++++ Data extracts ++++

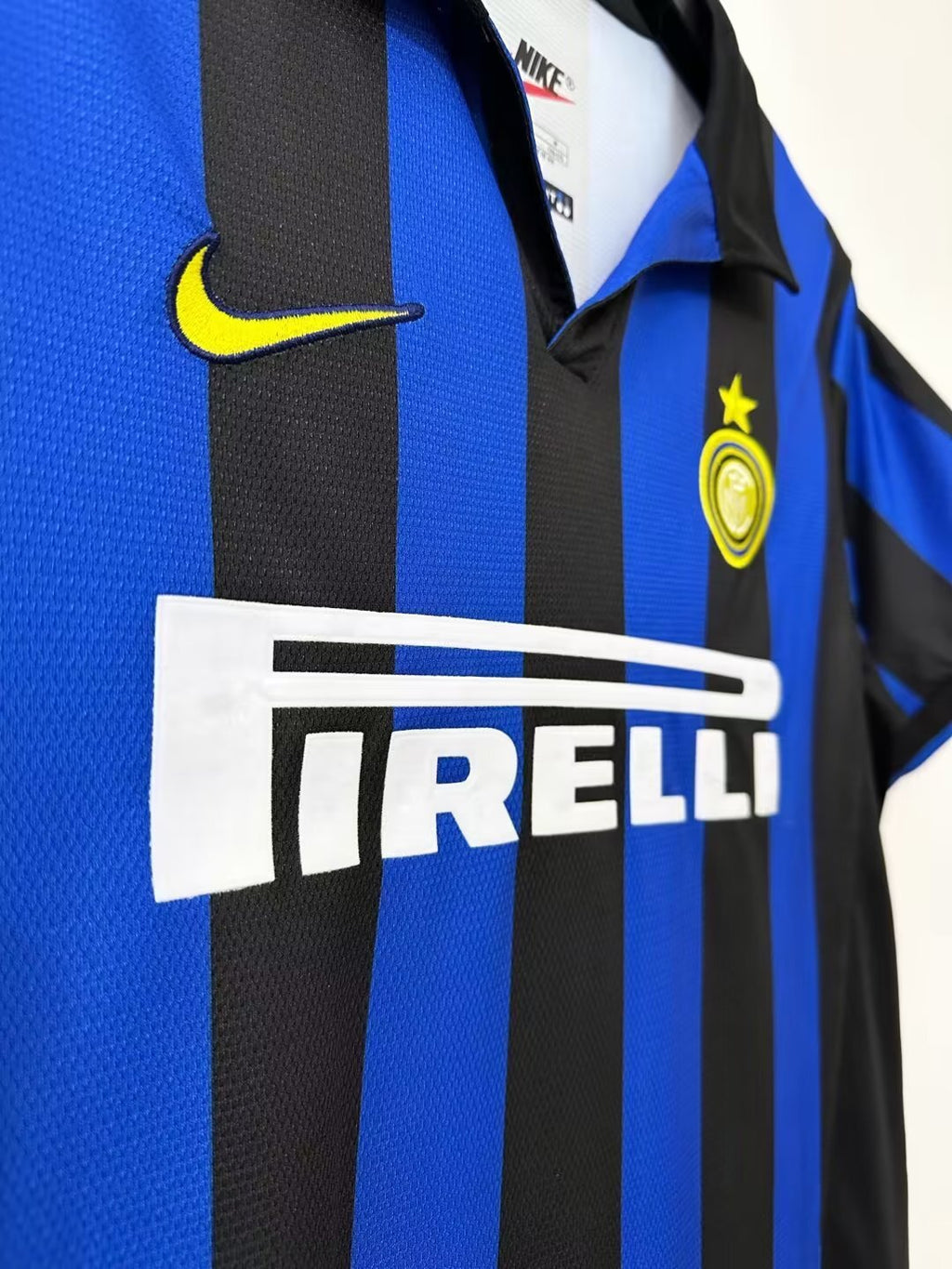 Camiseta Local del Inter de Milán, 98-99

++++
++++ Data extracts ++++

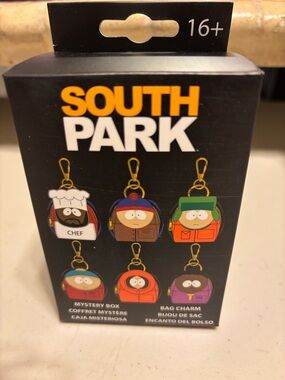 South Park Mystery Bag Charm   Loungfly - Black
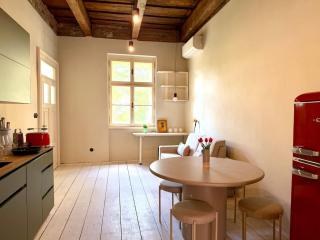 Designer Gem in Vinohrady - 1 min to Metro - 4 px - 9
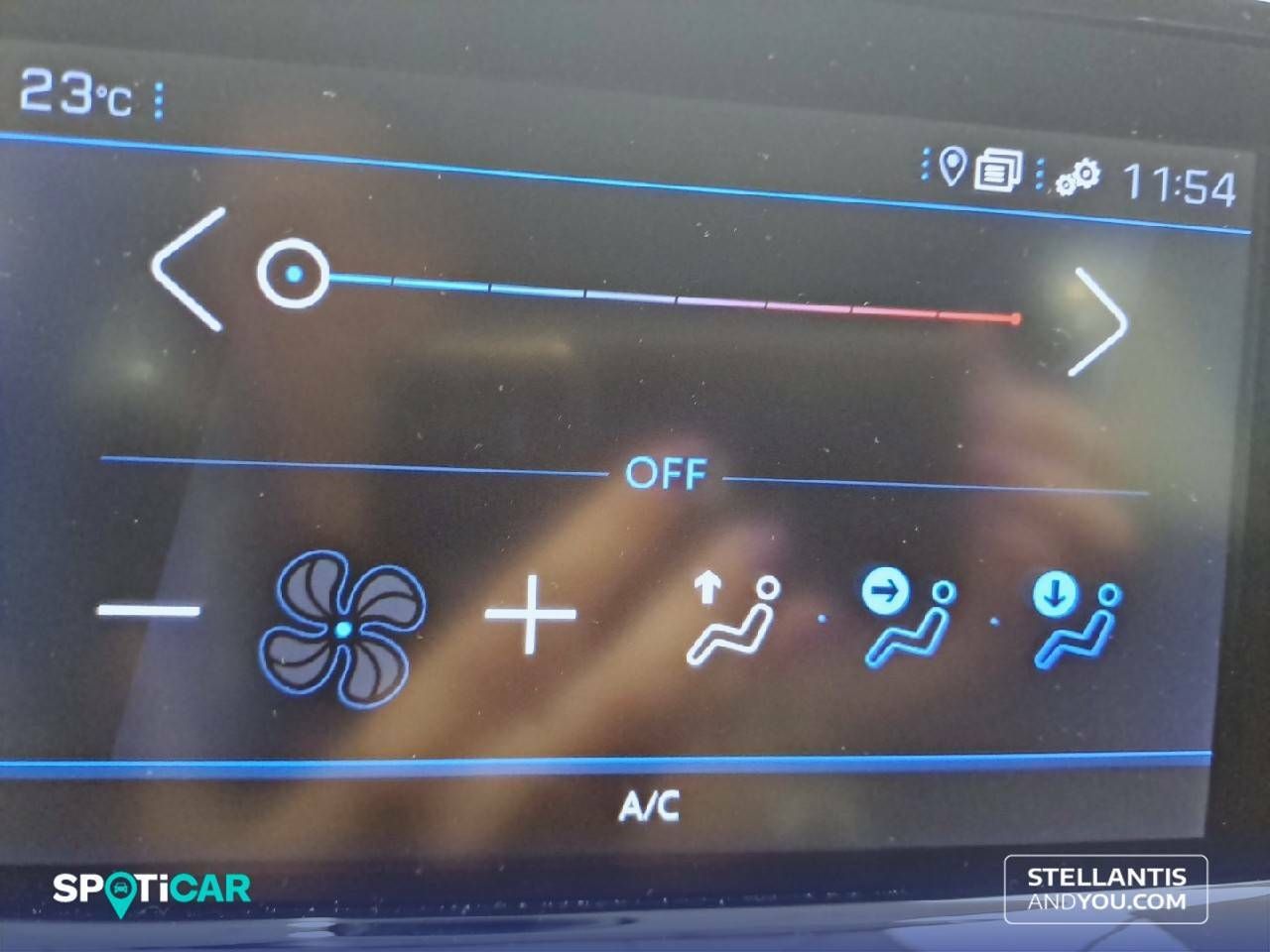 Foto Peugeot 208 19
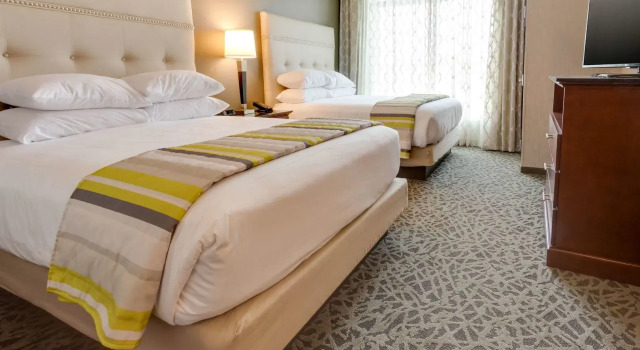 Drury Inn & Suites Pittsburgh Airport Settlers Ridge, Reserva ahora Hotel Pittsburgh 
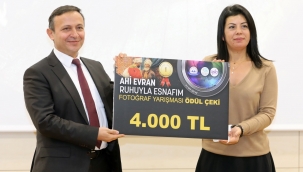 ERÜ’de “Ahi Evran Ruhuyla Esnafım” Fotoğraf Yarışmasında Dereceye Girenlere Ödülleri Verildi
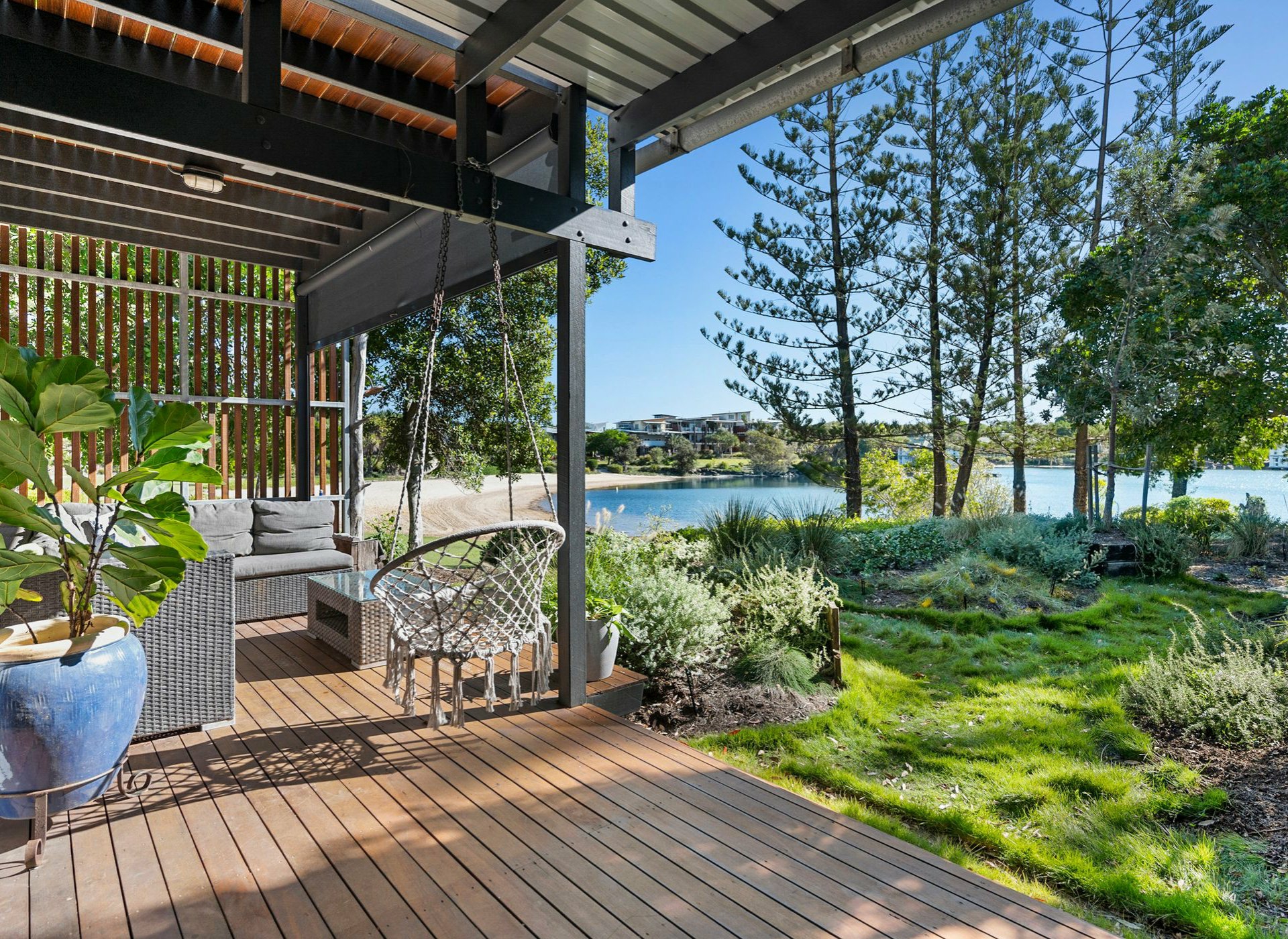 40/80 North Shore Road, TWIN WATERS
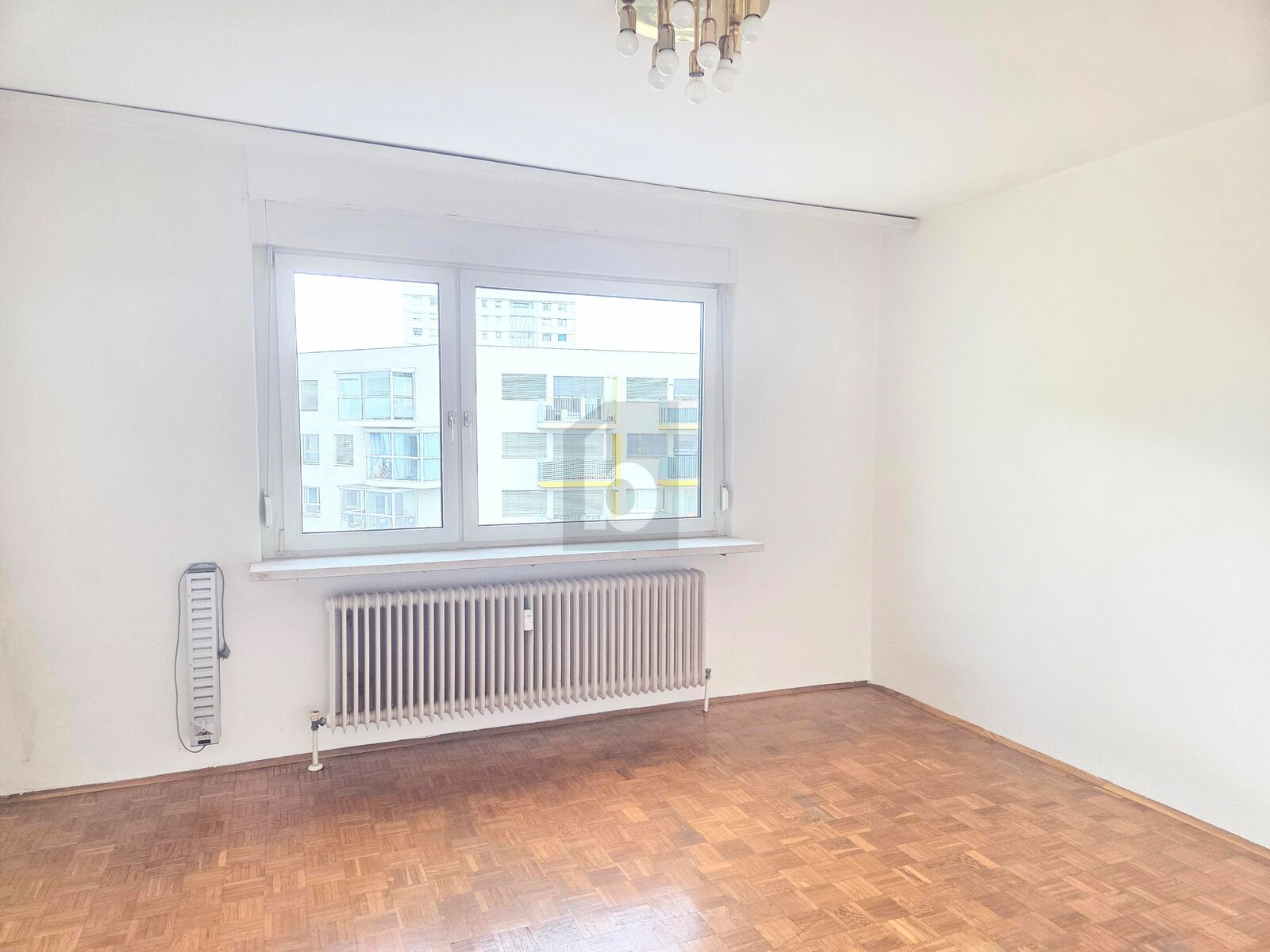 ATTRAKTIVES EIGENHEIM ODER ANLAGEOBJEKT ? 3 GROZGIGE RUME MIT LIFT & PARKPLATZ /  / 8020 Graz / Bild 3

++++
++++ Data extracts ++++

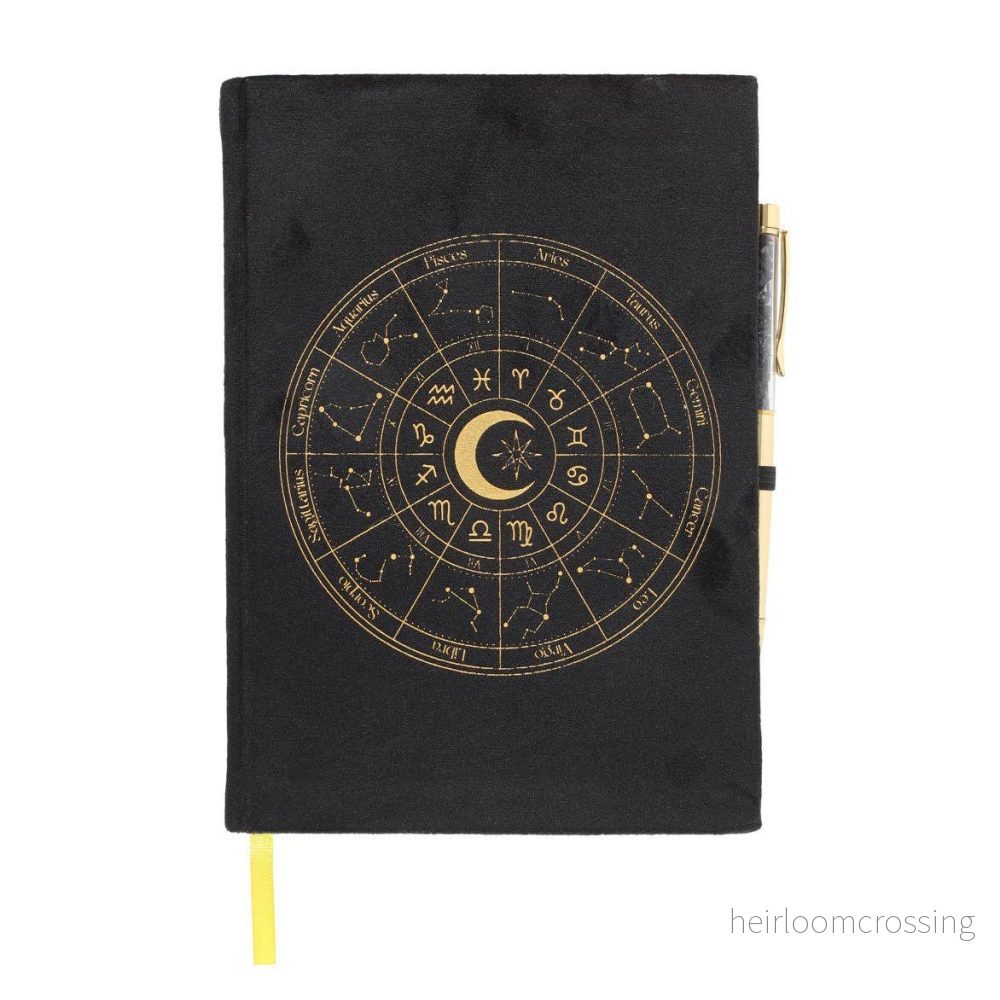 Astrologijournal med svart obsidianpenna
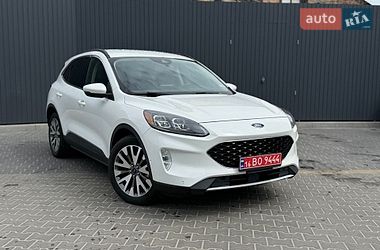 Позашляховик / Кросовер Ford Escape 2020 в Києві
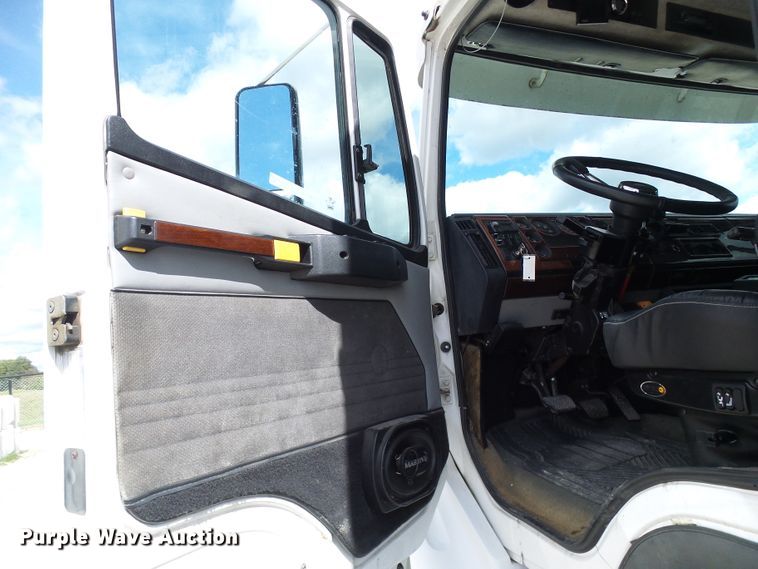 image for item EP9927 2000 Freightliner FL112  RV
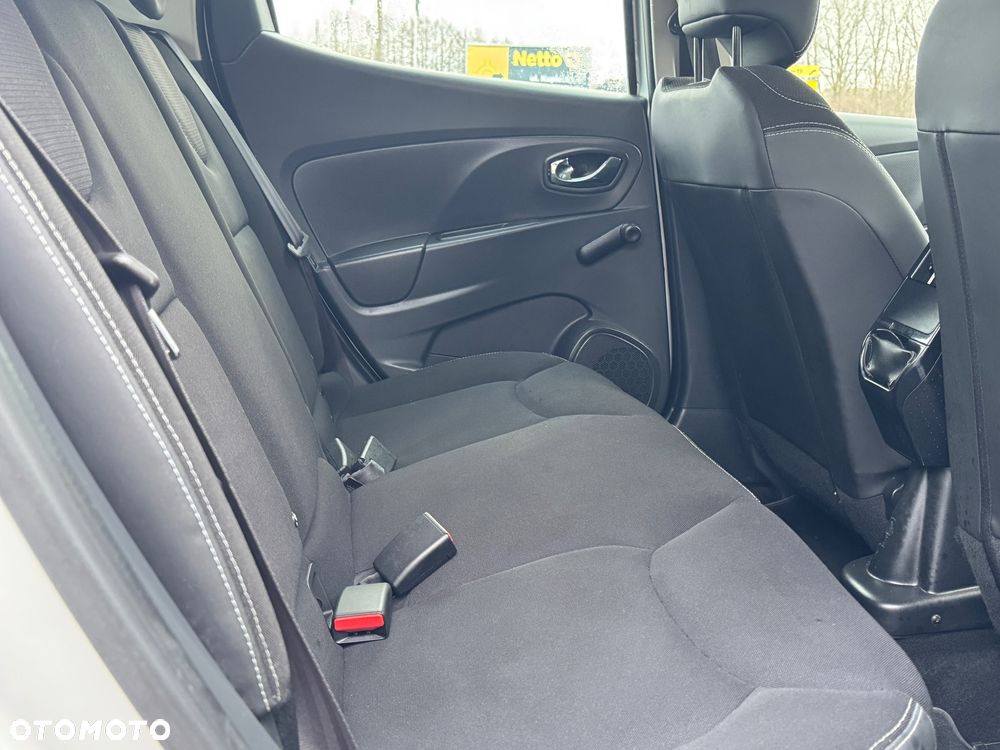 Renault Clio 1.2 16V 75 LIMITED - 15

++++

Above are the records; restate exactly the lines from the one containing "Astrologijournal med svart obsidianpenna" through the one containing "Renault Clio 1.2 16V 75 LIMITED - 15", keeping pictures out.

 Astrologijournal med svart obsidianpenna
 Позашляховик / Кросовер Ford Escape 2020 в Києві
 image for item EP9927 2000 Freightliner FL112  RV
 Renault Clio 1.2 16V 75 LIMITED - 15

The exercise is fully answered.